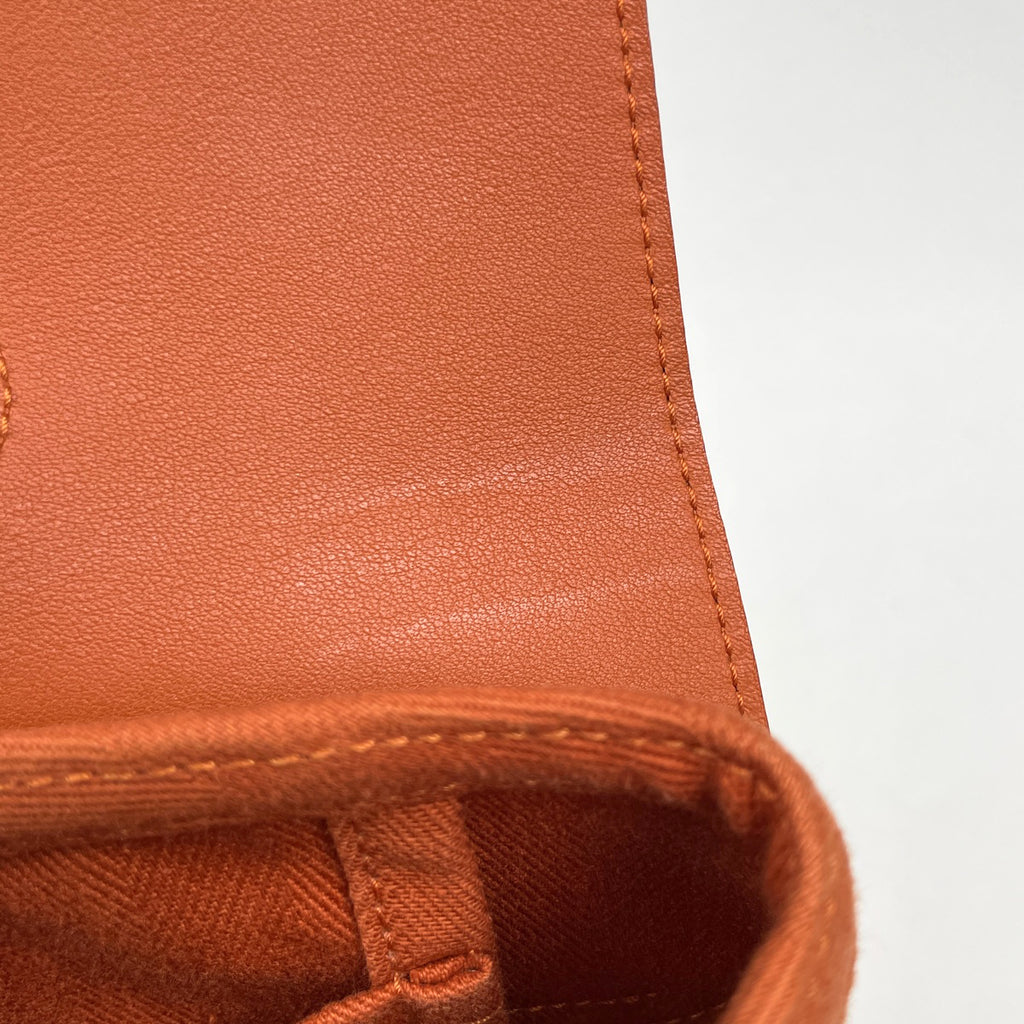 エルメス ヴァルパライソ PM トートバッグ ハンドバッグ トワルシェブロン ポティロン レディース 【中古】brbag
...
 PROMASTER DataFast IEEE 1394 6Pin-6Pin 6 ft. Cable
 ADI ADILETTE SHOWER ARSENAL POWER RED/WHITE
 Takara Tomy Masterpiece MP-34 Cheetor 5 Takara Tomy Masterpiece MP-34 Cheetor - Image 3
==
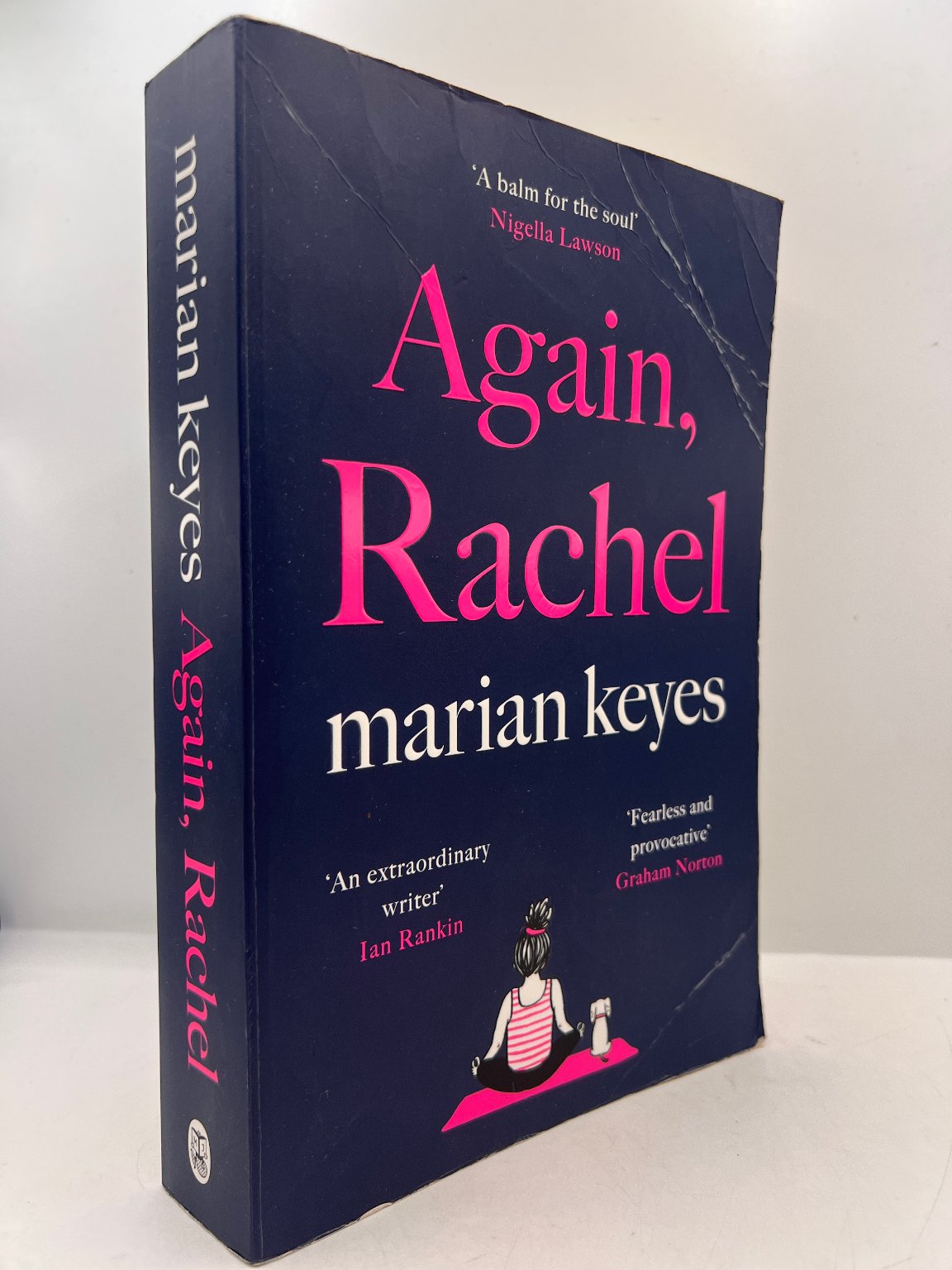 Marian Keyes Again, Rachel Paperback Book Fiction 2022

== What is expected ==
Look in the material above for the line with "PROMASTER DataFast IEEE" and the line with "Takara Tomy Masterpiece MP-34 Cheetor 5", and transcribe exactly those lines and all lines between them, nothing more.

== Exercise response ==
 PROMASTER DataFast IEEE 1394 6Pin-6Pin 6 ft. Cable
 ADI ADILETTE SHOWER ARSENAL POWER RED/WHITE
 Takara Tomy Masterpiece MP-34 Cheetor 5 Takara Tomy Masterpiece MP-34 Cheetor - Image 3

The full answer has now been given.